TASK ITEM → Transcribe nothing except the lines below that run from the one with "Close-up of male" to the one with "[NEW,Sewn-on]J.J. Watt Youth", ends included, and do not copy any picture.

(DATA SECTION Opens)

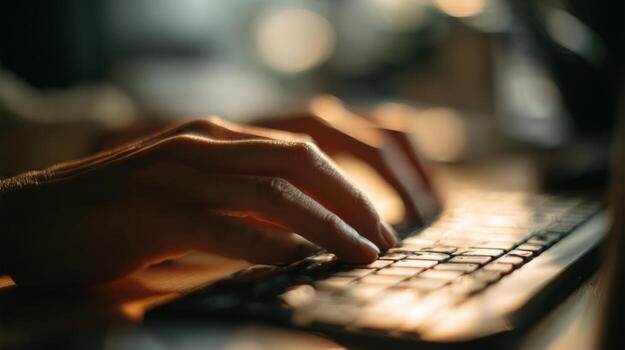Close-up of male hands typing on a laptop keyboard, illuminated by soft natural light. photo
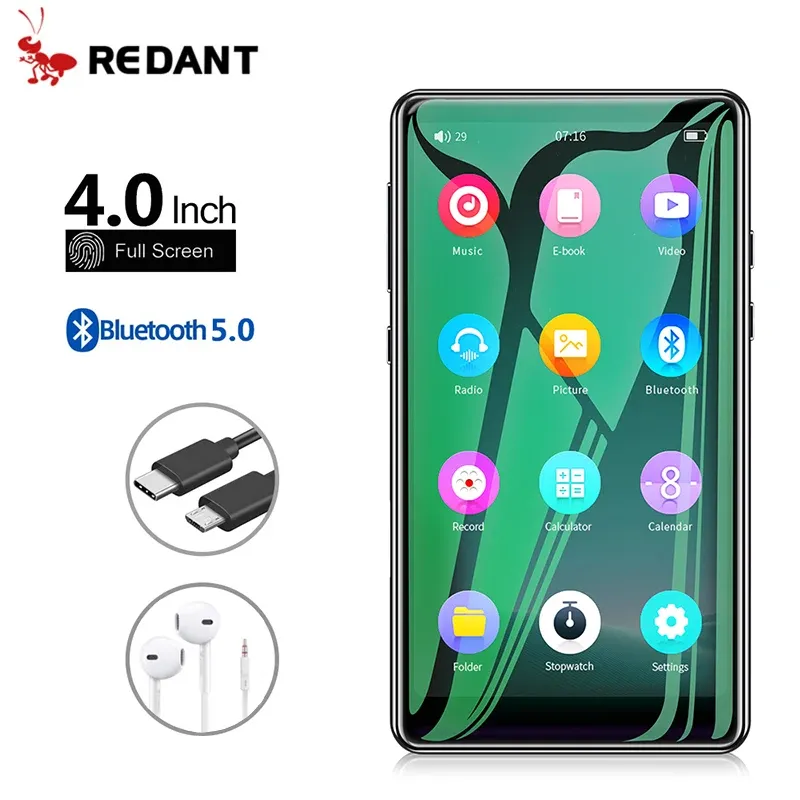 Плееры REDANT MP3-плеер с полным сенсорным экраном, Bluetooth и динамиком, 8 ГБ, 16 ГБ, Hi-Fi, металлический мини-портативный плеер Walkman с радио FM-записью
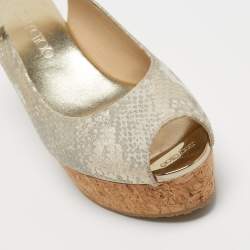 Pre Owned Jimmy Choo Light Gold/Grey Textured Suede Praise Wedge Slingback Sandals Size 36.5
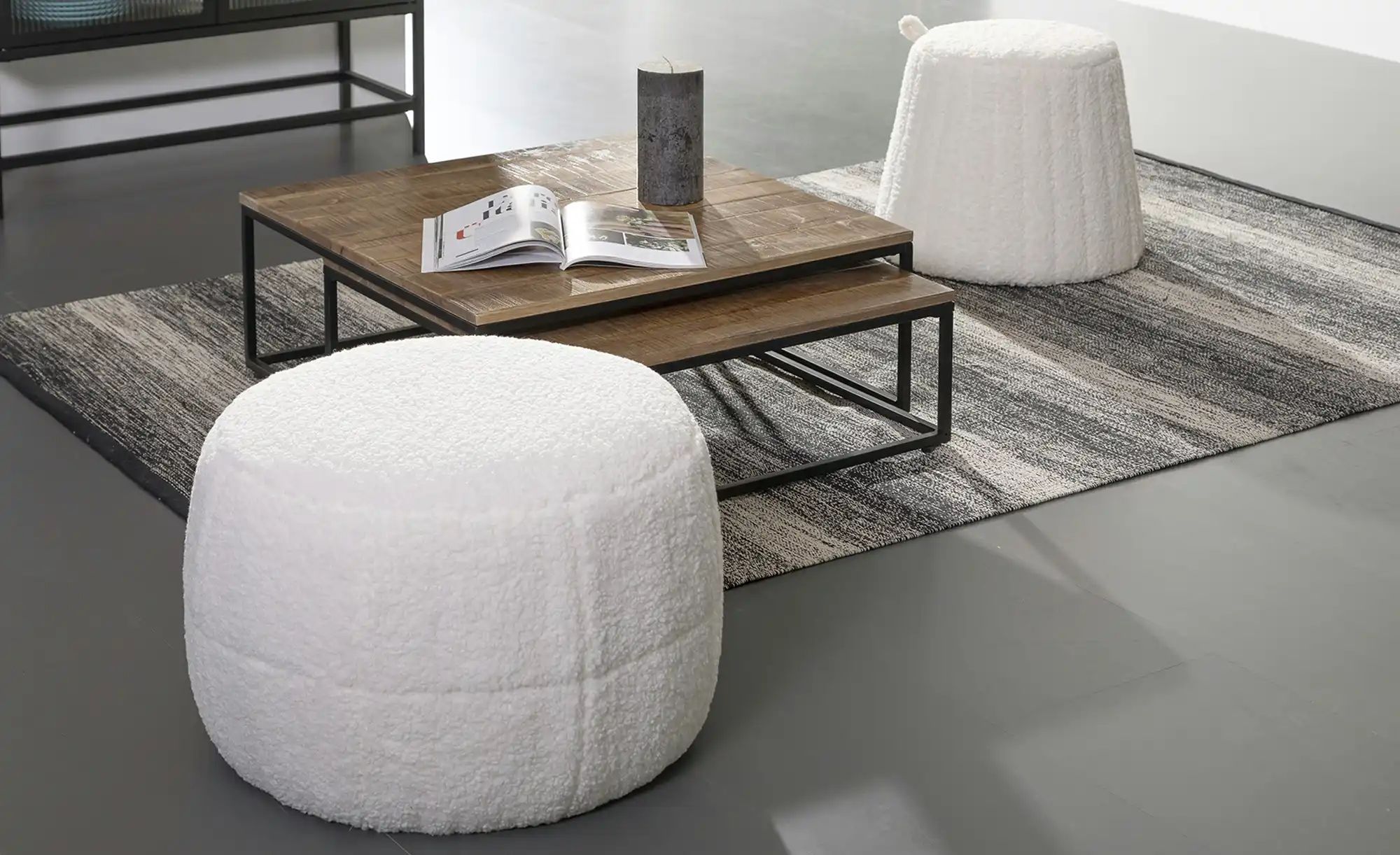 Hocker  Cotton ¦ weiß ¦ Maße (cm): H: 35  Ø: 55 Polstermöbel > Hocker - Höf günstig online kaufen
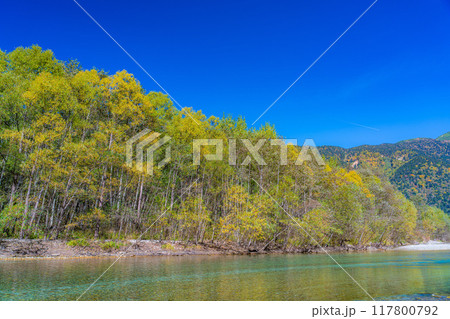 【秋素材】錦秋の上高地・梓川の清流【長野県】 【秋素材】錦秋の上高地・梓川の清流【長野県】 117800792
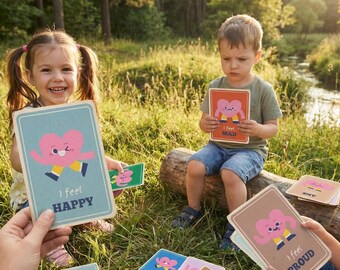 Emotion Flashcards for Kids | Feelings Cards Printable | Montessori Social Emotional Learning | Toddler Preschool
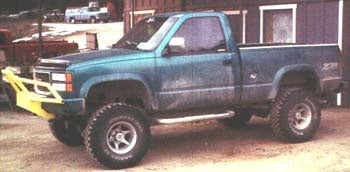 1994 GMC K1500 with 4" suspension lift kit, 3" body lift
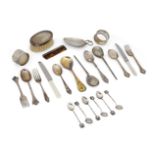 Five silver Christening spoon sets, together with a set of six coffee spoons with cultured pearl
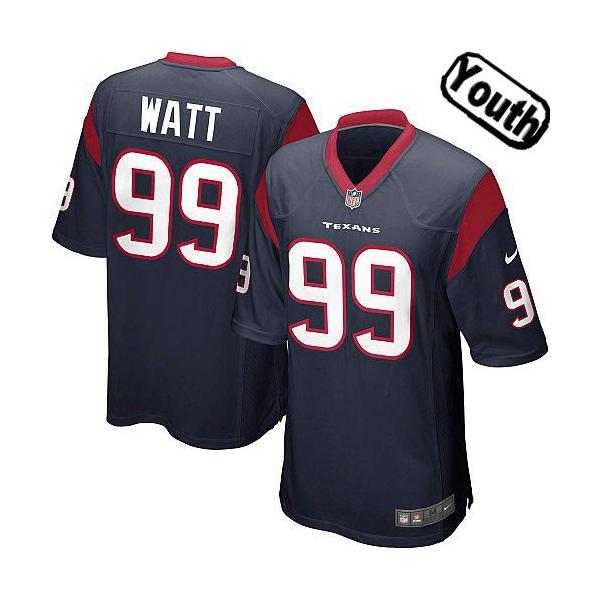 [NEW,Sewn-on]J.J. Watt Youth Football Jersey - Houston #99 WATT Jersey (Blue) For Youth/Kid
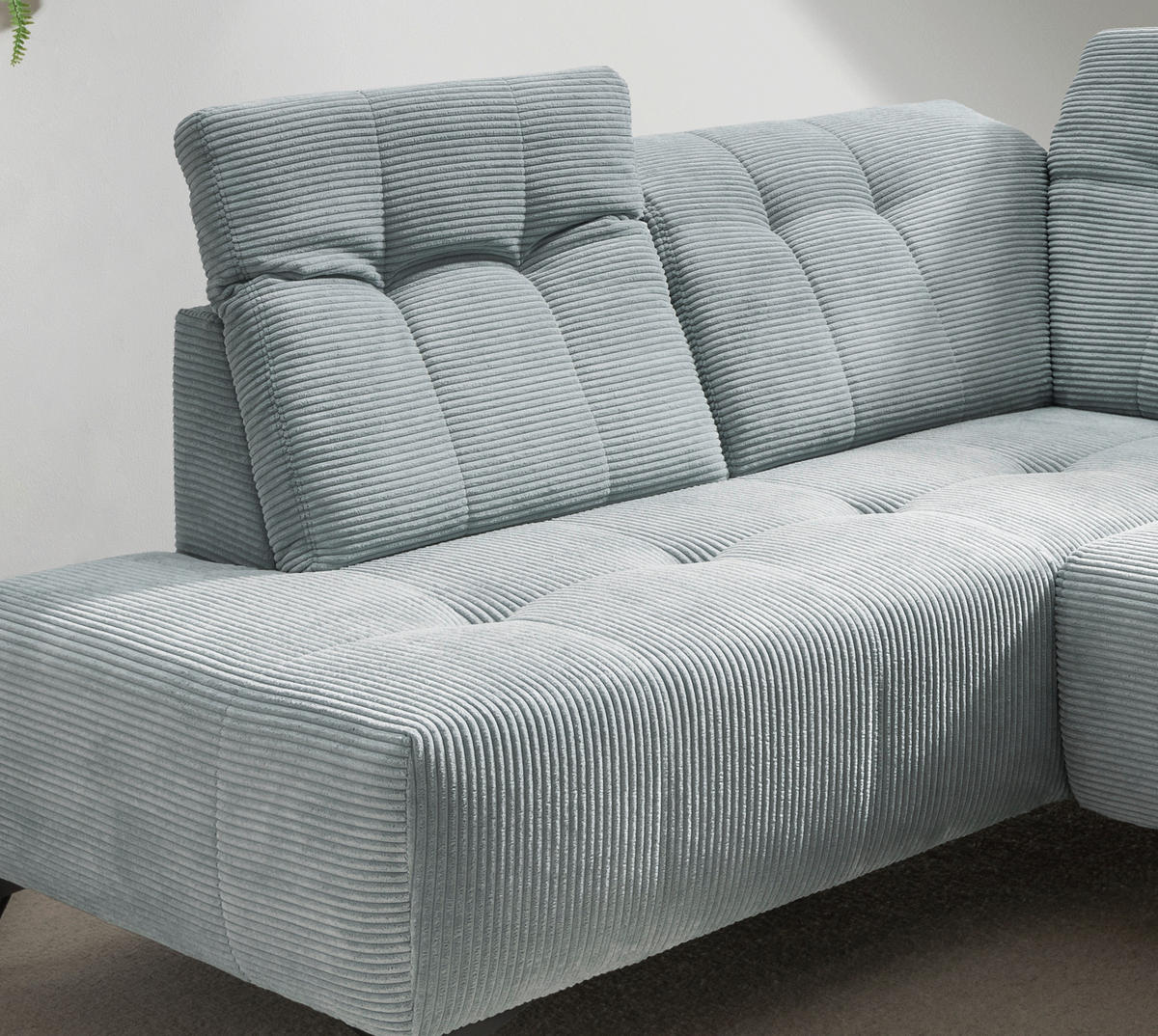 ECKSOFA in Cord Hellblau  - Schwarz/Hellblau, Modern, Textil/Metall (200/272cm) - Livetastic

(DATA SECTION Closes)
(DATA SECTION Opens)

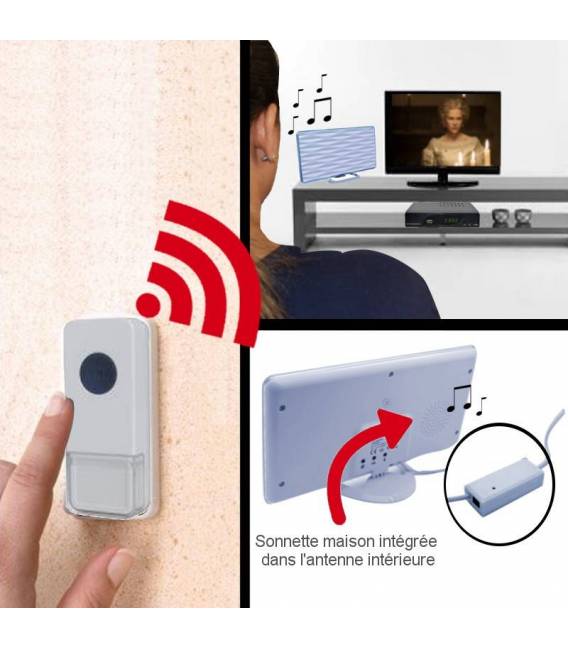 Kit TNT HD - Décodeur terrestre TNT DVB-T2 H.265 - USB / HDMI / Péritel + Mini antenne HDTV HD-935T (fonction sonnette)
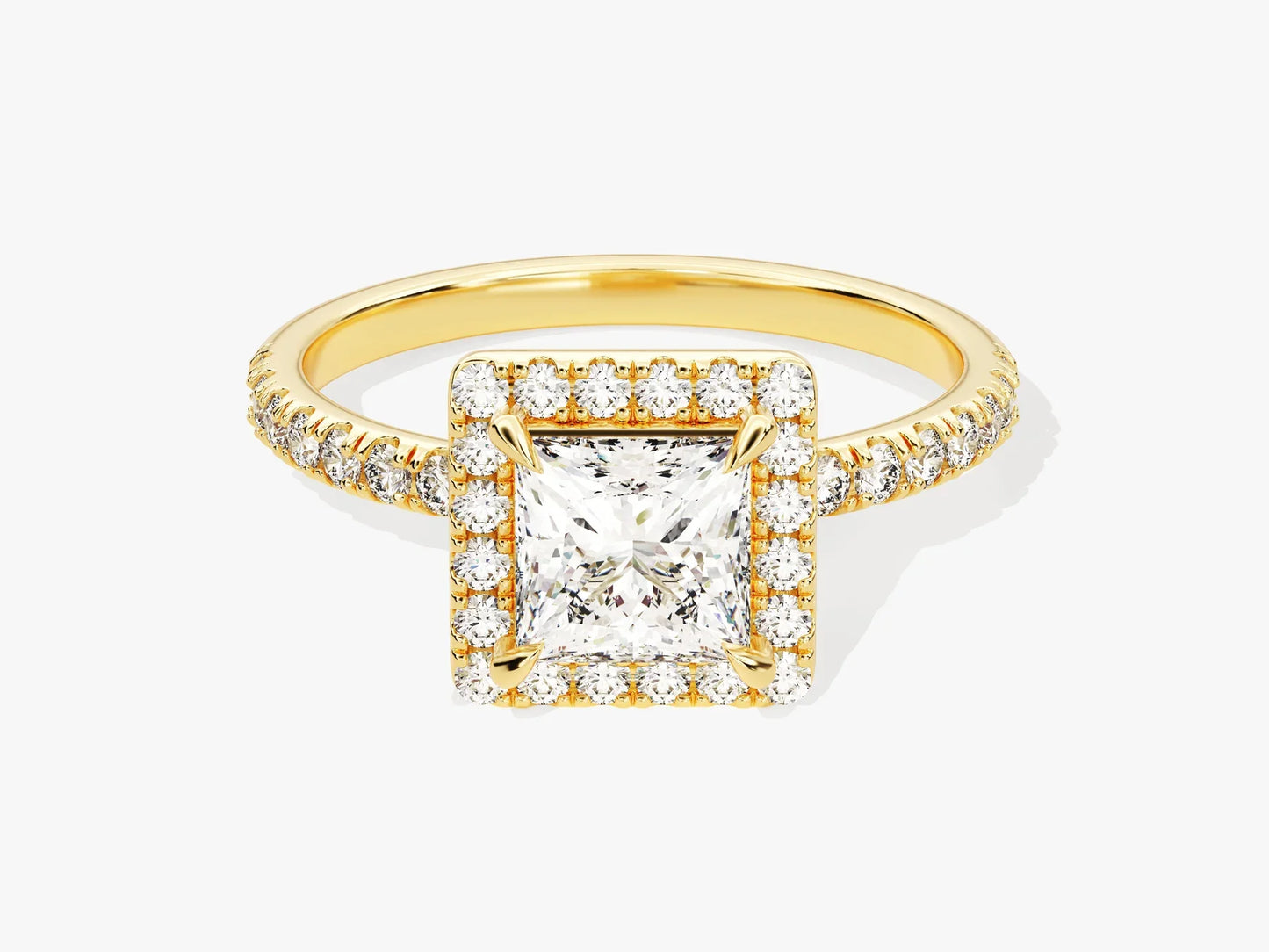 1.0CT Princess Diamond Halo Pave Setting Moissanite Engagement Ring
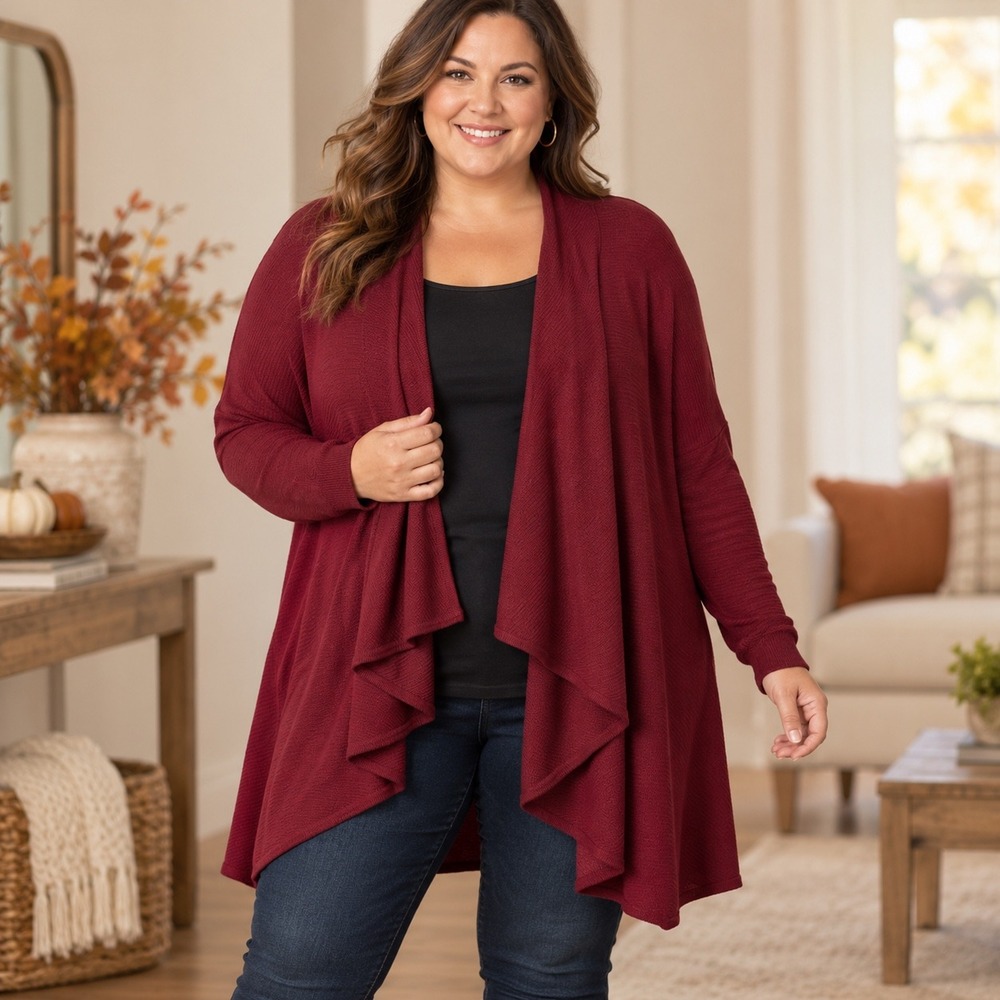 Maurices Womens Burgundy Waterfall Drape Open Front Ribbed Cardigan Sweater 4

(DATA SECTION Closes)

OUTPUT BELOW →
Close-up of male hands typing on a laptop keyboard, illuminated by soft natural light. photo
 Плееры REDANT MP3-плеер с полным сенсорным экраном, Bluetooth и динамиком, 8 ГБ, 16 ГБ, Hi-Fi, металлический мини-портативный плеер Walkman с радио FM-записью
 Pre Owned Jimmy Choo Light Gold/Grey Textured Suede Praise Wedge Slingback Sandals Size 36.5
 Hocker  Cotton ¦ weiß ¦ Maße (cm): H: 35  Ø: 55 Polstermöbel > Hocker - Höf günstig online kaufen
 【秋素材】錦秋の上高地・梓川の清流【長野県】 【秋素材】錦秋の上高地・梓川の清流【長野県】 117800792
 Emotion Flashcards for Kids | Feelings Cards Printable | Montessori Social Emotional Learning | Toddler Preschool
 1994 GMC K1500 with 4" suspension lift kit, 3" body lift
 Five silver Christening spoon sets, together with a set of six coffee spoons with cultured pearl
 [NEW,Sewn-on]J.J. Watt Youth Football Jersey - Houston #99 WATT Jersey (Blue) For Youth/Kid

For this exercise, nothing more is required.